Мир человека в одиночном заключении – это отдельная вселенная. На Лубянке этот мир был не только очень тесным, но и крайне строго регламентированным. Существовали четкие правила и предписания относительно поведения в камерах, хождения по коридорам, тех нескольких минут, которые мы каждый день проводили в уборной, времени, отведенного на зарядку во дворе. Нарушения этих правил карались дальнейшими ограничениями в том немногом, что еще оставалось у заключенного, например, сокращением времени, отведенного на упражнения, уменьшением количества еды. В то время как дни выстраивались в нескончаемую череду, подобные правила как-то упорядочивали жизнь, но они также служили дополнительным источником мучений, без конца подчеркивая ощущение нашей ограниченности и отчаянной нехватки свободы.
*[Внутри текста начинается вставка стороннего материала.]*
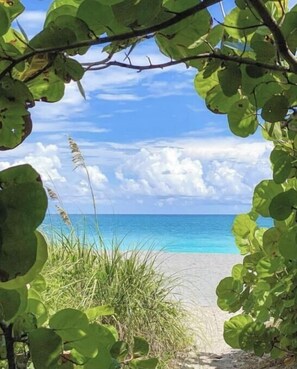 Beach nearby, beach towels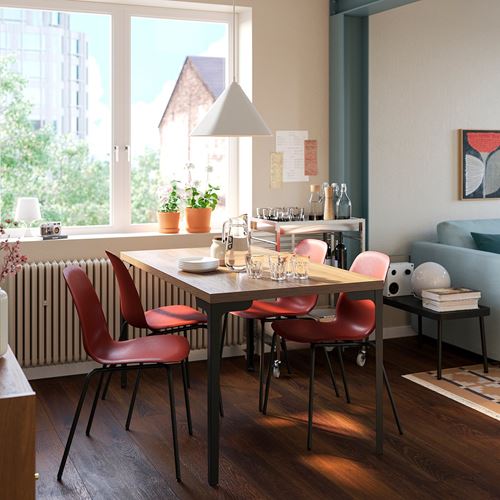 IKEA - SKALSTA, yemek sandalyesi oturma yeri, plastik-kırmızı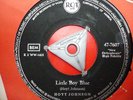 Hoyt Johnson- Little boy blue- D- RCA- 7607- Rockabilly- RAR- TOP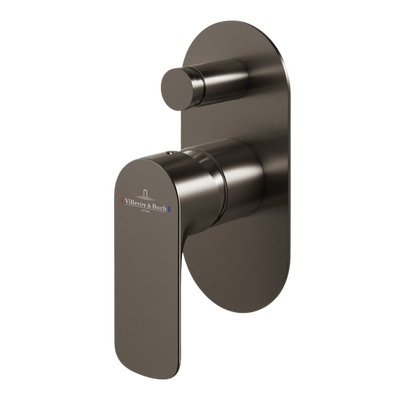 Villeroy & Boch O.Novo Diverter Mixer Gunmetal (Trim Kit Only)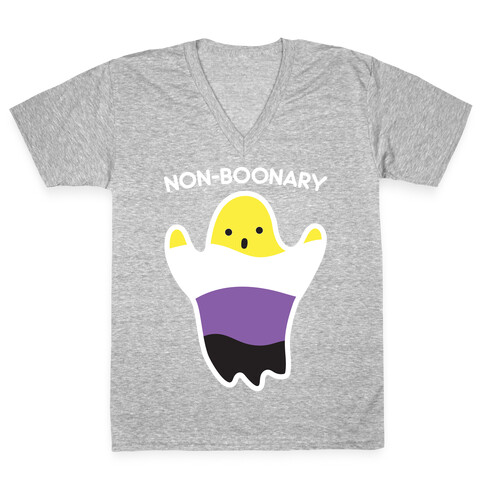 Non-Boonary Ghost V-Neck Tee Shirt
А еще была тишина. То ли для того, чтобы усугубить царившее на Лубянке, словно в морге, мертвенное беззвучие, то ли просто для чистоты и удобства надзиратели носили специальную тюремную обувь, поэтому было не слышно, как они ходят по коридору, пока они не подходили к двери совсем близко. Говорить было не с кем; в коридорах раздавалось очень мало звуков, за исключением времени раздачи пищи. В результате заключенные становились необычайно чувствительны к малейшему шуму. Невозможно было почти все время не стараться изо всех сил услышать хотя бы что-нибудь, что нарушило бы эту полную, всеобъемлющую тишину, которая, казалось, наступала на тебя со всех сторон, непрестанно тебе угрожая. От внезапного звука откидываемой надсмотрщицей заслонки смотрового глазка или скрежета отодвигаемого засова заключенные подскакивали. Эти звуки приводили их почти в трепет, и все-таки царящая здесь могильная тишина тоже по-своему непрестанно ужасала.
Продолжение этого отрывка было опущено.